En général, faire les poches des personnes âgées conduit droit devant le juge. Sauf quand on s’appelle le baron Seillière et qu’on préside le MEDEF, le syndicat patronal.

Car que veut imposer le MEDEF ? Non plus 40, mais 45 années de cotisations pour la retraite à taux plein dans le privé ! Partiraient à 60 ans ceux qui auraient commencé à travailler à 15 ans. Les autres, la grande majorité, auraient le choix : soit s’offrir une retraite privée (par capitalisation), il en faut les moyens. Soit trimer jusqu’à 65, voire 70 ans pour sauver sa pension. Soit plus probablement partir plus tôt avec une retraite sérieusement amputée.

L’arrogance des patrons

Ainsi ce baron Seillière qui affiche avec insolence ses 3 millions de salaire annuel, plus dix millions en stock-options, c’est lui qui veut condamner des millions de gens, après une vie de boulot trop souvent précaire et mal payée, à se serrer encore la ceinture.

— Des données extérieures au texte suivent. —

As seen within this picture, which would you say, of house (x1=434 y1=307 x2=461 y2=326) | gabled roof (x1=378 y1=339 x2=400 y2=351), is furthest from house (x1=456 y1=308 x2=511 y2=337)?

Pas question de le laisser faire. Pas question de se laisser impressionner par le chantage du patronat qui menace de ne plus verser une partie de ce qu’il doit pour les retraites complémentaires. Nous avons les moyens tous ensemble de lui faire payer ce qu’il nous doit. Rappelons-nous qu’en décembre 95, quand Juppé a voulu imposer 40 années de cotisations aux employés de l’Etat (au lieu de 37 ½), il s’est heurté à une grève dure des cheminots entraînant les autres services publics. Et qu’il a dû remballer ses projets.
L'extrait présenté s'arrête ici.